[[ EXERCISE INPUTS open ]]
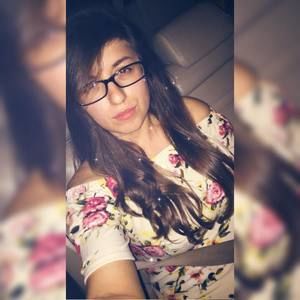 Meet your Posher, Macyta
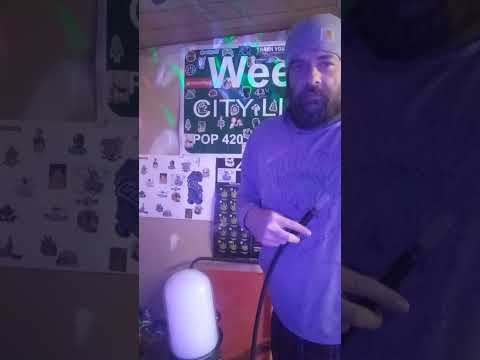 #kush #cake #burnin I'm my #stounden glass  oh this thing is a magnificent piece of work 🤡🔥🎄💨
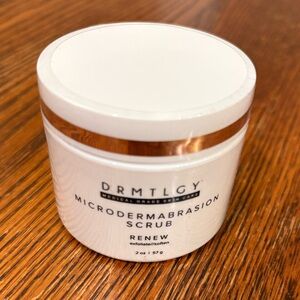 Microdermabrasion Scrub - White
[[ EXERCISE INPUTS closed ]]
[[ EXERCISE INPUTS open ]]
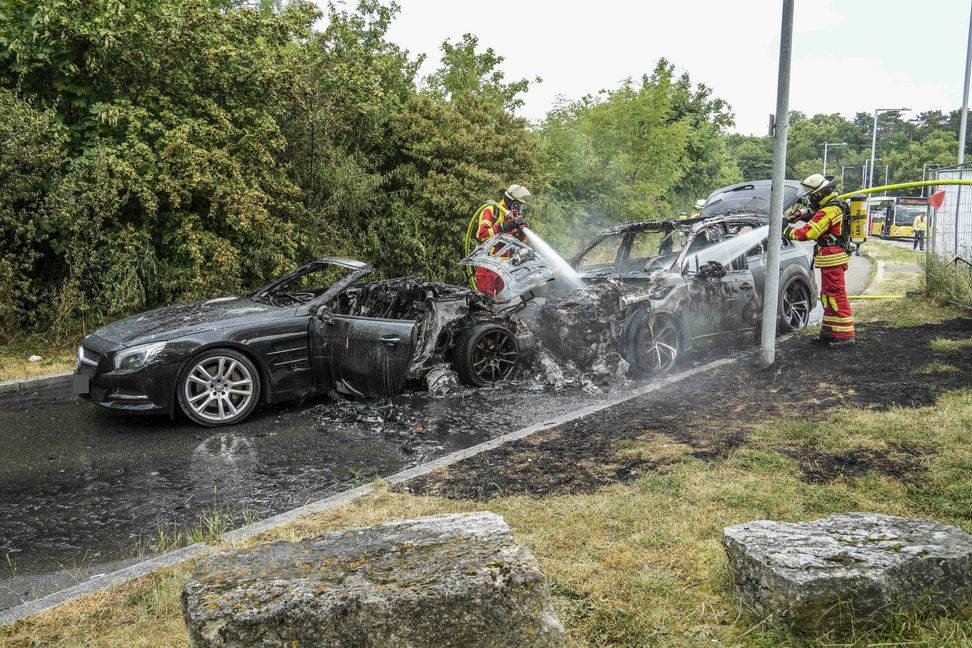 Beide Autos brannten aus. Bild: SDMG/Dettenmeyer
[[ EXERCISE INPUTS closed ]]
EXERCISE DIRECTIONS — Reproduce exactly the lines above starting at the line containing "#kush #cake #burnin" and ending at the line containing "Microdermabrasion Scrub - White", including both, but not the pictures.

ANSWER TO THIS PROBLEM —
 #kush #cake #burnin I'm my #stounden glass  oh this thing is a magnificent piece of work 🤡🔥🎄💨
 Microdermabrasion Scrub - White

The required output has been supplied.